• [EXERCISE PROMPT]
Print the listing exactly as it stands. Skip every picture.

• [DATA SHOWN]
[Start of Attachment]
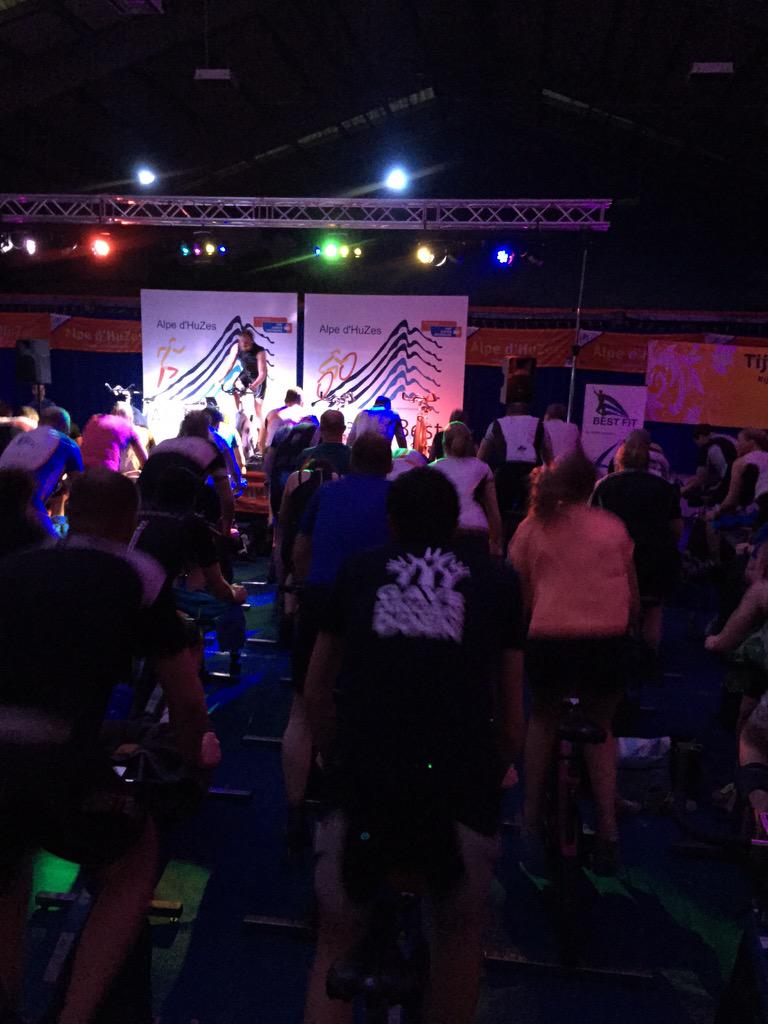 Mooie start van het weekend! Even <a href="/GaveDingenDoen/">Gave Dingen Doen</a> bij spinning marathon van <a href="/Alpe_du_Best/">Alpe du Best</a>.
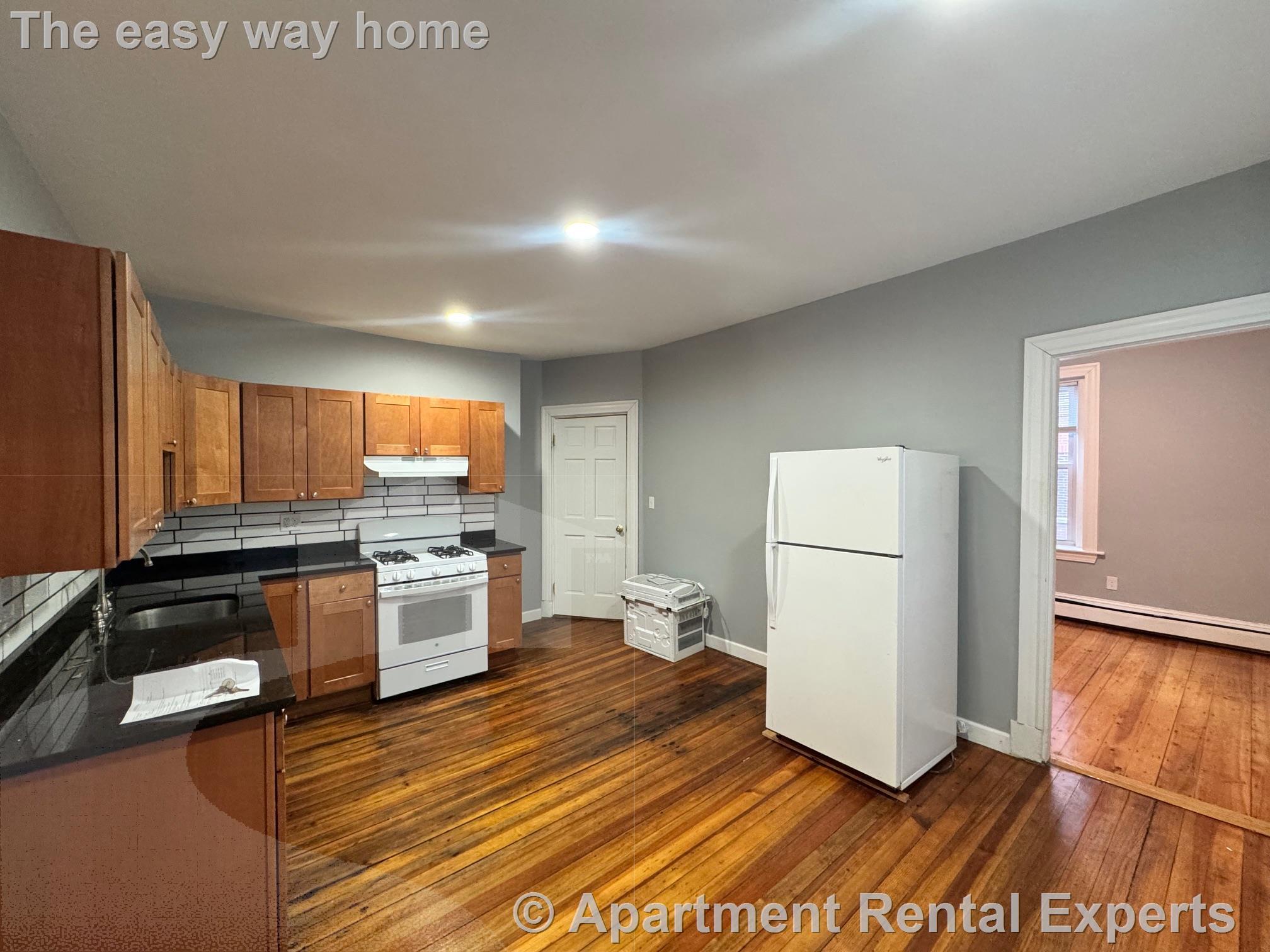 Building Photo - 119 Harvard St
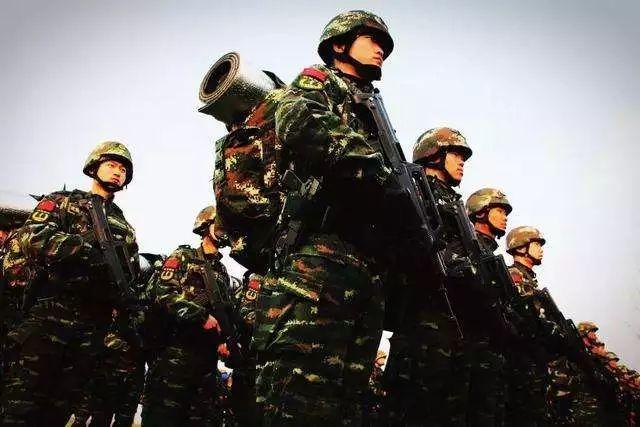 义务兵工资多少钱一月2021 2021年义务兵能拿多少退伍费 义务兵两年难熬吗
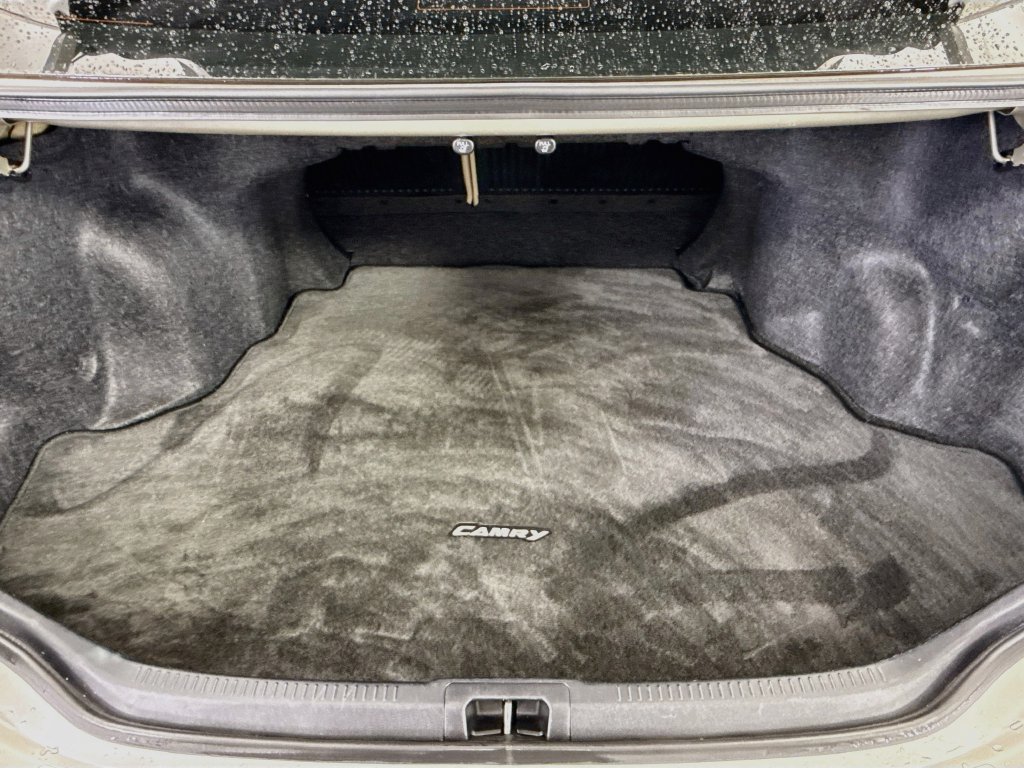 Used 2014 Toyota Camry LE FWD image 25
[End of Attachment]
• [ANSWER SECTION]
 Mooie start van het weekend! Even <a href="/GaveDingenDoen/">Gave Dingen Doen</a> bij spinning marathon van <a href="/Alpe_du_Best/">Alpe du Best</a>.
 Building Photo - 119 Harvard St
 义务兵工资多少钱一月2021 2021年义务兵能拿多少退伍费 义务兵两年难熬吗
 Used 2014 Toyota Camry LE FWD image 25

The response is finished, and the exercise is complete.